Saturday, April 09, 2016

Michelle Alexander Just Responded to Bill Clinton
Amanda Girard
April 8, 2016

Prominent law professor, author, and civil rights activist Michelle Alexander isn’t buying Bill Clinton’s “almost” apology for his reaction to protesters yesterday.

On Thursday, the former President of the United States was heckled by Black Lives Matter activists during a campaign rally in Philadelphia, Pennsylvania. The protesters were demonstrating against Clinton’s 1994 crime bill and his 1996 welfare cuts, which protesters said decimated the black community. Clinton responded by doubling down on his wife’s “superpredator” comments, telling the protesters they were defending murderers and drug dealers.

The next day, Clinton said he would “almost want to” apologize for his comments, stopping short of actually apologizing.

Ohio State University law professor Michelle Alexander, author of The New Jim Crow, took the former president to task in a scathing Facebook post on Friday, starting off by thanking Clinton for revealing his true colors.

“Thank you, Bill, for giving the nation a ten-minute tutorial on everything that was wrong (and apparently remains wrong) with the ‘New Democrats’ and their approach to racial politics,” Alexander wrote.

She then went on to talk about how Clinton’s strategy to win the White House was based on a racist appeal to white independent voters by convincing them that he could take even more of a hardline approach to crime than his Republican predecessors — something Clinton and his surrogates in the media argue was supported by the black community.

It is a gross distortion to suggest that black people wanted billions of dollars slashed from child welfare, housing and other public benefits in order to fund an unprecedented prison building boom. It was Bill Clinton’s deliberate political strategy — one he championed along with the “New Democrats” — to appeal to white swing voters by being tougher on struggling black communities than the Republicans had been, ramping up the drug war and gutting welfare.

She continued to excoriate Bill Clinton for driving a wedge between the protesters and Clinton supporter U.S. Rep. John Lewis (D-Ga.) by saying, “You can listen to [the protesters], or you can listen to Congressman John Lewis, the last remaining hero of the civil rights movement.”

Alexander pointed out that Rep. Lewis himself was a fierce opponent of Clinton’s endeavor to “reform welfare as we know it.”
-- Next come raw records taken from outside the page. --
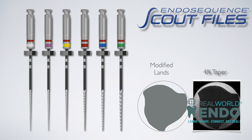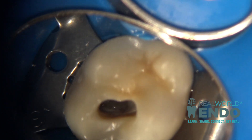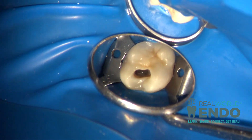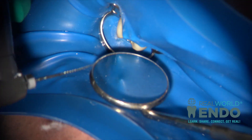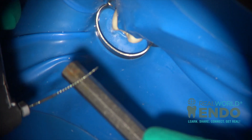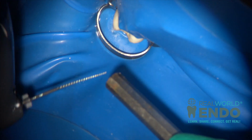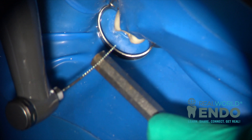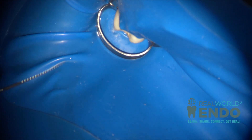Sometimes when you have a small axis preparation and teeth with limited access or limited openings, what you want to do is pre-bend your heat-treated files. In this case with the endosequence scalp files, the trick is you try to bend it with the back of the mirror — you can even use your finger with a clean hand — but with those methods the amount of bending is limited.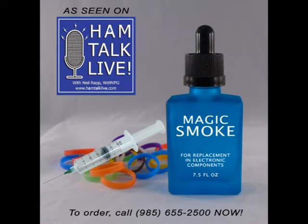The Magic Smoke Replacement System comes with 7.5 ounces of magic smoke, a syringe with a tiny needle, and a table to measure how much magic smoke you need for each part. Just fill the syringe to the right amount, inject it back in, and presto — it all works again!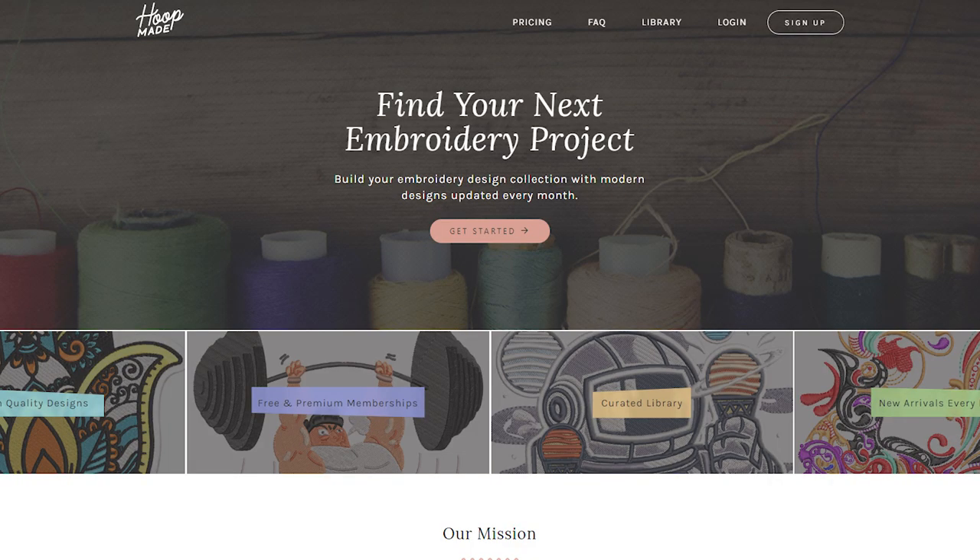We do have a platform that's a subscription service to download pre-digitized logos — kind of like a stock photo site but for embroidery designs. It's called Hoopmade — H-O-O-P-M-A-D-E. For your viewers who are interested, we've made a special code where they can get a three-month trial on that platform if they sign up through you. It has different formats too, so it's not tied to a specific machine — you can download in the format your machine reads and just start a project.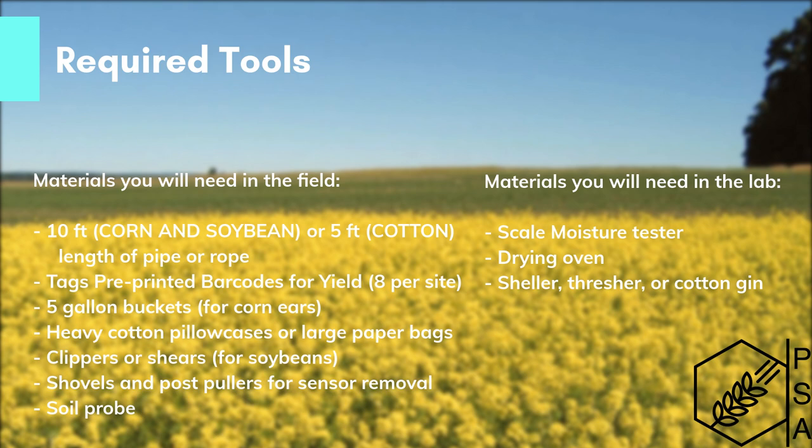In the lab, you'll need a scale, moisture tester, drying oven, and a sheller, thresher, or cotton gin depending on your cash crop.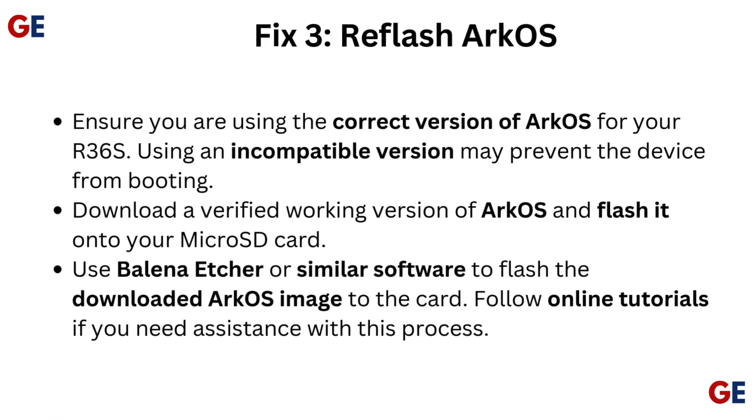Fix 3: Reflash ArcOS. Ensure you are using the correct version of ArcOS for your R36S, as using an incompatible version may prevent the device from booting. Download a verified working version of ArcOS and flash it onto your microSD card using Balena Etcher or similar software. Follow online tutorials if you need assistance with this process.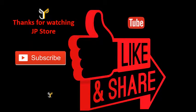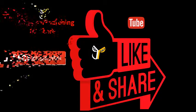Thanks for watching JP Store. Please do subscribe, like, and share this video. Subscribe to our JP Store channel.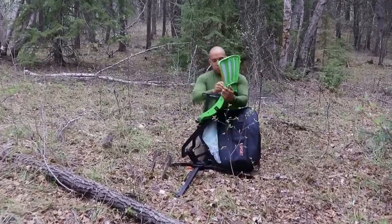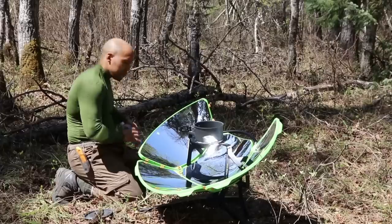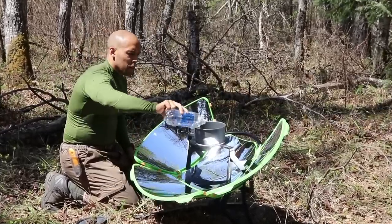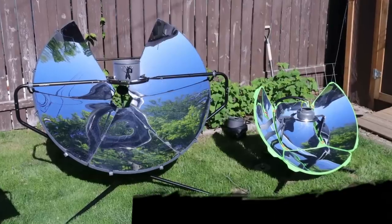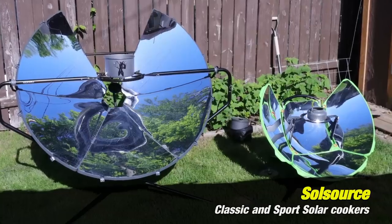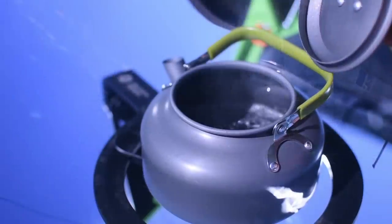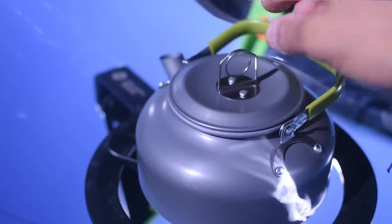Hi folks, Canadian Prepper here. Today we're going to talk about the pros and cons of a potentially very useful product that's hit the market recently. We're going to be talking about all the goods and the bads and the in-betweens with regards to this. It's the successor of its parent product, the Sole Source parabolic solar cooker. This one is the Sole Source Sport, and the whole marketing angle behind this system is its so-called portability.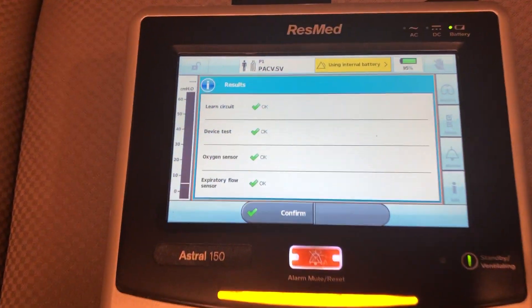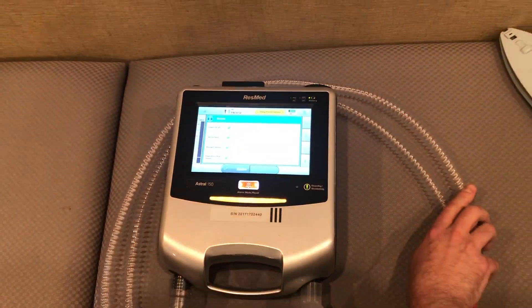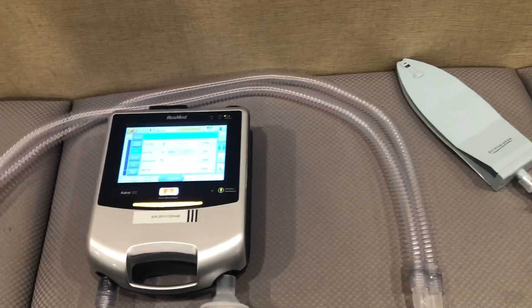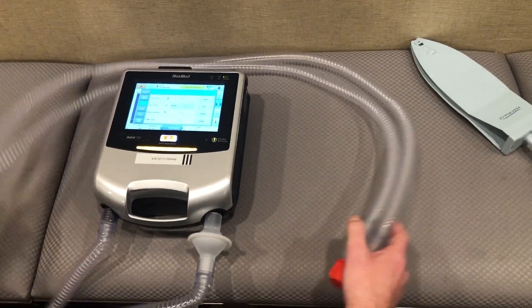We passed all of our tests. So now we press confirm and we're going to go into our menu and set up the mode of ventilation that we want to use on this patient.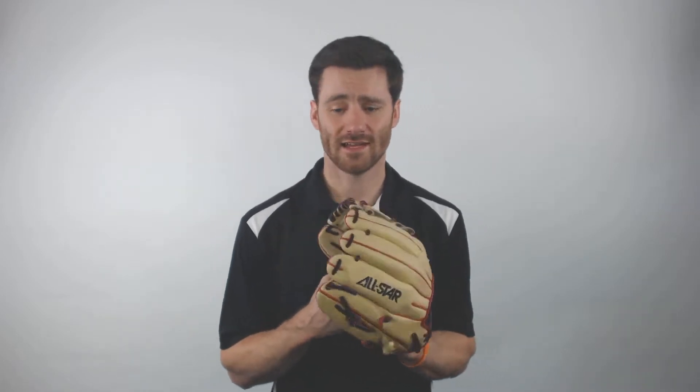Break-ins can be tough sometimes, but in my opinion, it's usually worth it. Once you get the glove exactly how you like, it stays that way for a really long time.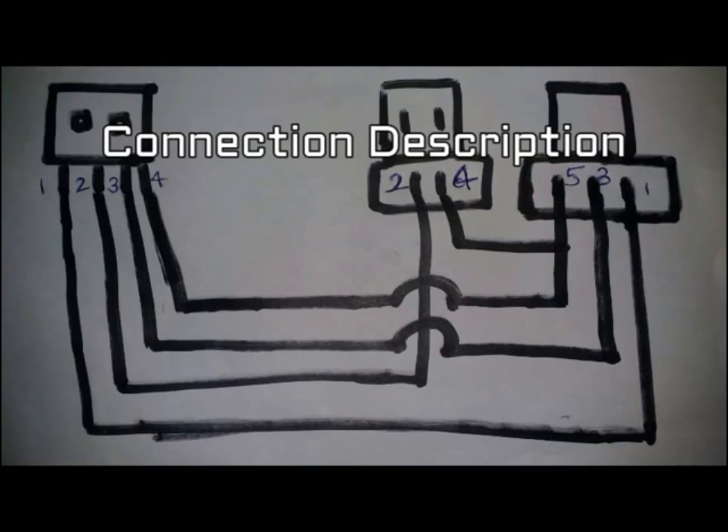The micro USB pin numbering is: pin one is red — five volt; pin two is green — data minus; pin three is white — data plus; pin four is USB OTG ID; pin five is black — ground. The male USB pin numbering is: pin one is red — five volt; pin two is green — data minus; pin three is white — data plus.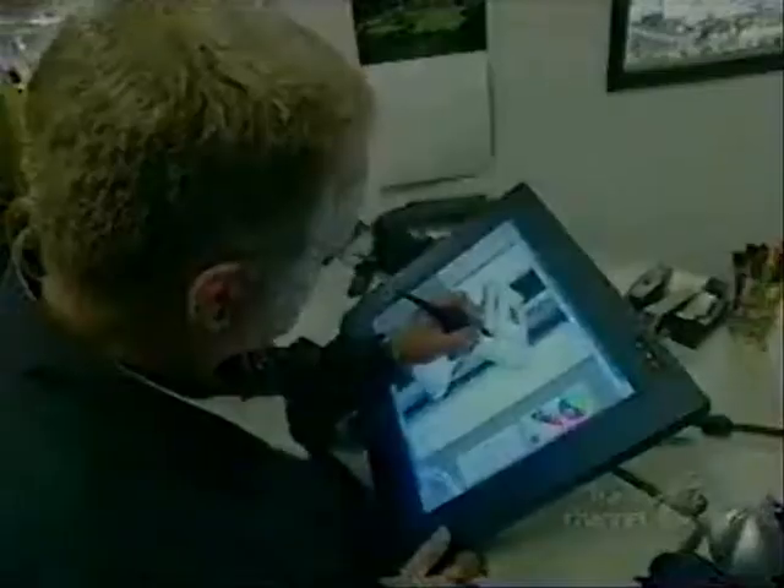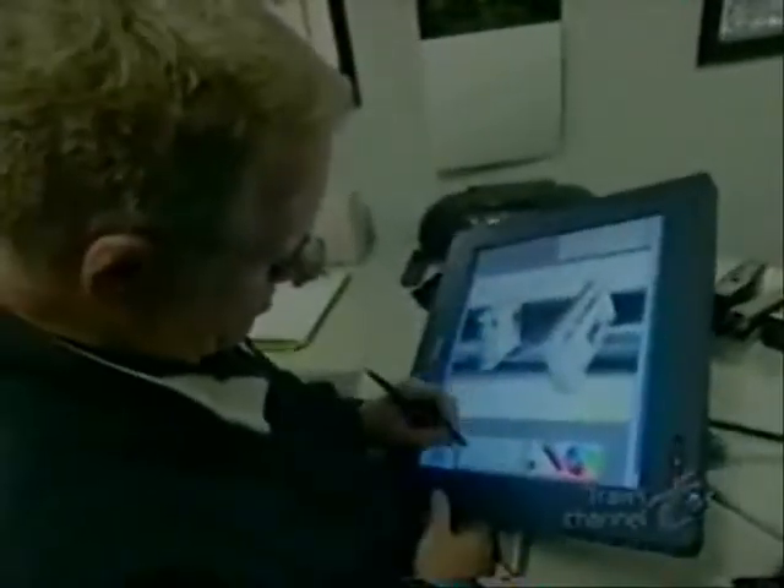Every Pelican product begins on the computer's drawing board. From there, it's thrust into the third dimension on something called the rapid prototyping machine.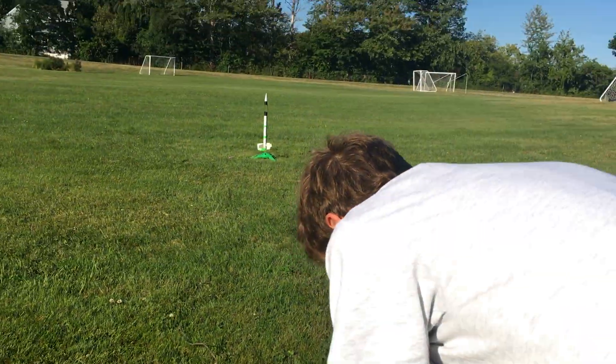Three, two, one. Oh. Oh my gosh. Uh-oh. Pop. Oh no, Jack.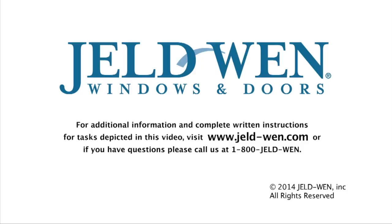For additional information and complete written instructions for tasks depicted in this video, visit www.jeld-wen.com. Or if you have questions, call us at 1-800-JELDWEN.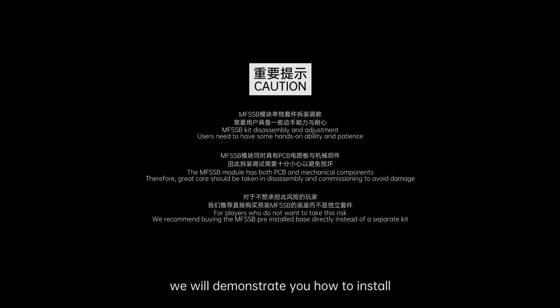Hi, everyone. In this video, we will demonstrate to you how to install the Move-A-Forward Sensors database. For short, MFSSB module.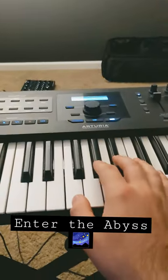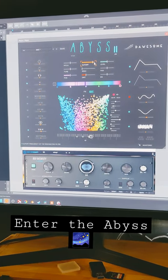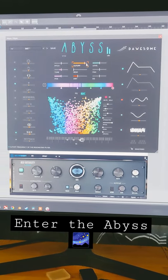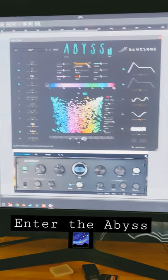We're just going to hold out a simple chord here. Tell me that is not fantastic.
That strategy of “getting tough” while at the same time eviscerating the federal social safety net was NOT supported by many of the black politicians he seeks to use as cover. Rep. John Lewis (who Clinton referred to yesterday as the “last remaining hero of the civil rights movement”) fiercely opposed welfare reform, accurately predicting that it would thrust more than a million more kids into severe poverty.

John Lewis said back then: “How can any person of faith, of conscience, vote for a bill that puts a million more kids into poverty? What does it profit a great nation to conquer the world, only to lose its soul?”

Alexander and Lewis are right. As the Huffington Post recently reported, up to 1 million people will soon lose their access to food stamps as a result of Clinton’s 1996 welfare cuts. The law includes provisions that cut food stamps after a certain period of time for unemployed welfare recipients with no dependents.

At the bill’s signing ceremony, Clinton himself even admitted the bill “fails to provide Food Stamp support to childless adults who want to work, but cannot find a job or are not given the opportunity to participate in a work program.”

“These totally unnecessary cuts would increase demand on the nation’s charitable food system at a time when food banks and other hunger-relief groups are stretched to meet sustained high need,” Feeding America CEO Diana Aviv said in a public statement.

At the end of her post, Michelle Alexander congratulated the protesters for “fighting for the soul of the Democratic party and American democracy itself.”